On July 18, 1939, at the request of one David Braverman, and after the advice and approval of my personal attorney, John B. Graf, 26 Journal Square, Jersey City, N. J., I agreed to act as surety for one Reuben Finn who was being arraigned before the United States Commissioner at Newark, N. J., for violating a Federal law. Mr. Braverman has been a friend of mine for a number of years and lives in the immediate neighborhood of my property at 302-304-306 Communipaw Avenue, Jersey City. Aforesaid Reuben Finn is the cousin of David Braverman's wife, and prior to my giving bail for Reuben Finn he was a Federal prisoner held in the Hudson County Jail, Jersey City, N. J. For some days before I gave bail Mr. Braverman continuously requested me to do him the favor of going bail for his cousin, as he calls Finn, and I never knew that said Finn until Braverman introduced me to him. I asked of him nothing for acting as his surety and my only request was that he should keep himself out of trouble and be present when the court requested his presence. He offered me no money for going on his bail nor did anyone else in his behalf, because the element of money had not entered into this matter since I was not in the bail-bond business and would not consider bailing him for pay.
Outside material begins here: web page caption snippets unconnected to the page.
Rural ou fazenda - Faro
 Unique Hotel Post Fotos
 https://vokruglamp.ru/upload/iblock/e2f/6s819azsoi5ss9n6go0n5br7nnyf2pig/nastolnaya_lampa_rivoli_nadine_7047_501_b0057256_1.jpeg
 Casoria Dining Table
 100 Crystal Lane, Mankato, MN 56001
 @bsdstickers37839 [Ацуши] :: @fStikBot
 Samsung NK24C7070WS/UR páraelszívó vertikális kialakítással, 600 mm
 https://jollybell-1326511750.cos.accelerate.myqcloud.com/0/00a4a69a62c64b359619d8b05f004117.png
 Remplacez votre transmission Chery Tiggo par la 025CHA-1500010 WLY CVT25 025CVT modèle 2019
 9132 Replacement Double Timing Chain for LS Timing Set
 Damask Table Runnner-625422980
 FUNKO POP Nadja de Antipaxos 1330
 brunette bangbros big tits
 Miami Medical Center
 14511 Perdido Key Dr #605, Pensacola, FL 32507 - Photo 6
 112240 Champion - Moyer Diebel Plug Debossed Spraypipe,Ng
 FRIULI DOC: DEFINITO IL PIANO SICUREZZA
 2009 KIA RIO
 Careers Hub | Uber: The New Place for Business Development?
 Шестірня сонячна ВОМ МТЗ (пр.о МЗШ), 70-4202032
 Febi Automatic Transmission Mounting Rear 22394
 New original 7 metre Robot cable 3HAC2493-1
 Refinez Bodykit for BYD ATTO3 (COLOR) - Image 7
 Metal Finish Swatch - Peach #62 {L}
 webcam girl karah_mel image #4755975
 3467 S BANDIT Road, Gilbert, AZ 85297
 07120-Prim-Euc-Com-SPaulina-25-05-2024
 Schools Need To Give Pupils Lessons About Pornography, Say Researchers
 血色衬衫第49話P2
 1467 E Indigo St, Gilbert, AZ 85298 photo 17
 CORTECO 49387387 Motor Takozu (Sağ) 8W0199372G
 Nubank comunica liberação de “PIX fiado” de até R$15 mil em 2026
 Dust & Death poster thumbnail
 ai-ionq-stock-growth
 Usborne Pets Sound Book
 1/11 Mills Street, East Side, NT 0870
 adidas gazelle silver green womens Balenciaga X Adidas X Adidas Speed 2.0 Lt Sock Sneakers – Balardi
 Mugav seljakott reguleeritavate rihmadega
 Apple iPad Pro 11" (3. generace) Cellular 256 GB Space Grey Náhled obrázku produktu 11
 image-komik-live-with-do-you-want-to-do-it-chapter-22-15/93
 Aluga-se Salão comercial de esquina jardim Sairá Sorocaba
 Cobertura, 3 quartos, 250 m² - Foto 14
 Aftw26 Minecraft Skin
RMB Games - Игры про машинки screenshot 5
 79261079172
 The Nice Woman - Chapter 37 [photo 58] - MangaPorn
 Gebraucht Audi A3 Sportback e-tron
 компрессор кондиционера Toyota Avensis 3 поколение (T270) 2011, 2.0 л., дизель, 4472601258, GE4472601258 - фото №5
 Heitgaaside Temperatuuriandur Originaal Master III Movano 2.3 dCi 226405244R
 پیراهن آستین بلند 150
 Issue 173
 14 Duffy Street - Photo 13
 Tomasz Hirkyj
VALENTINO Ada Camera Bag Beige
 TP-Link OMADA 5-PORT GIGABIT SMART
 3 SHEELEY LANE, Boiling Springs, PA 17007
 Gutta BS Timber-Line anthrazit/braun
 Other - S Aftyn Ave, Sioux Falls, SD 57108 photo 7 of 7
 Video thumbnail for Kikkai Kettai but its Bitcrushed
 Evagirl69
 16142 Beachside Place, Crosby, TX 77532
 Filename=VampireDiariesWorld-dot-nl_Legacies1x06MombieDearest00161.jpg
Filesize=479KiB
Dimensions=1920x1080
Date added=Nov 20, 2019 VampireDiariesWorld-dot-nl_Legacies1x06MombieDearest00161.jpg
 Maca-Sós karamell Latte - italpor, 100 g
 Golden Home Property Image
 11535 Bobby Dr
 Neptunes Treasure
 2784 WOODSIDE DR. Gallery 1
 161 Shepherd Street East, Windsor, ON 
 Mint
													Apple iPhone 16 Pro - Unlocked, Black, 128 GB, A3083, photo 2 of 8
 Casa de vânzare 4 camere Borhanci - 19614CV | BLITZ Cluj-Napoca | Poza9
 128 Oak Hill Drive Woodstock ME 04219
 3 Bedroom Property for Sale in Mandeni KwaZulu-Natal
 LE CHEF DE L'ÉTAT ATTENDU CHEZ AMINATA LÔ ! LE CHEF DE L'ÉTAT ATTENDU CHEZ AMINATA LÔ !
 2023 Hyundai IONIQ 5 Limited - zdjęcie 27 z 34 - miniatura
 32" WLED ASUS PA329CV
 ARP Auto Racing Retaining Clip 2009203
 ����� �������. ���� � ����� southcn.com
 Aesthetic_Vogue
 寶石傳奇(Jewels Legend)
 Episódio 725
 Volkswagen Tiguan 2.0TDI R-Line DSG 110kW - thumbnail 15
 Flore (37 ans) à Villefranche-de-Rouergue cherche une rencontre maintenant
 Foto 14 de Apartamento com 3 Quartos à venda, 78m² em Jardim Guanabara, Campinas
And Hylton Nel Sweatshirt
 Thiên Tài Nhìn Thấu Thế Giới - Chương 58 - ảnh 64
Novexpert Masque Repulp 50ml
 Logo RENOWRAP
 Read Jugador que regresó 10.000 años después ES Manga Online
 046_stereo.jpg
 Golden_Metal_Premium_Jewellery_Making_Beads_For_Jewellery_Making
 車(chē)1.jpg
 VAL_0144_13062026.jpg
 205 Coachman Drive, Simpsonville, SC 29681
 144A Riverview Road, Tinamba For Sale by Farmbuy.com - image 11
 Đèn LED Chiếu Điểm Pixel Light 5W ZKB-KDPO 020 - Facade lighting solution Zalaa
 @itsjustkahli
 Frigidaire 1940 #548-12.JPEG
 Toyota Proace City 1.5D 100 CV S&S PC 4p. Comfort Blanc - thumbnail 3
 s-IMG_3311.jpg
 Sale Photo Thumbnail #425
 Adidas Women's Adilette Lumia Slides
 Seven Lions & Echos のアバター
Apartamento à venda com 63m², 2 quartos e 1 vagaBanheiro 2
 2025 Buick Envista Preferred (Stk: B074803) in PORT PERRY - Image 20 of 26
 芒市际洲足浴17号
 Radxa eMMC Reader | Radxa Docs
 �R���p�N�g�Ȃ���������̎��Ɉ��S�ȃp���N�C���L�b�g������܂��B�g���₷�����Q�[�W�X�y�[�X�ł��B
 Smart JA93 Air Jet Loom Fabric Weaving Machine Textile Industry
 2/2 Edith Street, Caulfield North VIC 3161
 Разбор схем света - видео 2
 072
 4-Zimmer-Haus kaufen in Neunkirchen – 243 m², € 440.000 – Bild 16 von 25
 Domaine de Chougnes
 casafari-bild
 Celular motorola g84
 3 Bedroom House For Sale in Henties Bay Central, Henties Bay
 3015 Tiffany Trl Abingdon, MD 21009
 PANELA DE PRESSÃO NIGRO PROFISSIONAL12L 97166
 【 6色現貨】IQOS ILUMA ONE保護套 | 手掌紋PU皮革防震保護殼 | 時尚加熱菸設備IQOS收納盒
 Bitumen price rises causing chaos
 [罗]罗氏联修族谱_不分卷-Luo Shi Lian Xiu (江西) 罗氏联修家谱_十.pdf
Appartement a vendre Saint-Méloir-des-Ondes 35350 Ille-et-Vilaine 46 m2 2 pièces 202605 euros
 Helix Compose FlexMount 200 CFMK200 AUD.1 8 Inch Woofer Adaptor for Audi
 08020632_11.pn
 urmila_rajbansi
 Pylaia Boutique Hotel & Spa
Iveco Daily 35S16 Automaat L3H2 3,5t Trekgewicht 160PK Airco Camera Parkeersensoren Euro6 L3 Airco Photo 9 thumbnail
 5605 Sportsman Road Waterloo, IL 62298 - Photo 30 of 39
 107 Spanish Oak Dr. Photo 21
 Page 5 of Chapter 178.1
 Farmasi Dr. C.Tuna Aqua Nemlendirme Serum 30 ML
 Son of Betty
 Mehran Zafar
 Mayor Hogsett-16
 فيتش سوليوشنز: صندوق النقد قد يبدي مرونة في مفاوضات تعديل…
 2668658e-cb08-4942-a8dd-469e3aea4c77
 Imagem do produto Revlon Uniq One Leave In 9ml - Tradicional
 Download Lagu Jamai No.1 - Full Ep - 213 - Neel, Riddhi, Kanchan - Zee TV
After Finn was indicted by the United States grand jury and after he failed to appear for pleading to said indictment, this deponent, together with John B. Graf, his attorney, contacted the police in the cities of Newark and Jersey City, N. J., and New York City, N. Y., in an attempt to ascertain his whereabouts. We advertised in the newspapers, and because we felt he might have been the victim of foul play or self-destruction checked the morgues at various cities and counties of the States of New Jersey and New York, but at no time were we able to ascertain his whereabouts.

This affidavit is made to assure the United States Government of my position in this matter.

BEN GRUNSTEIN. Sworn and subscribed to before me this 16th day of December, A. D. 1943. (SEAL

V. ,
Notary Public of New

Jersey. My commission expires September 8, 1946.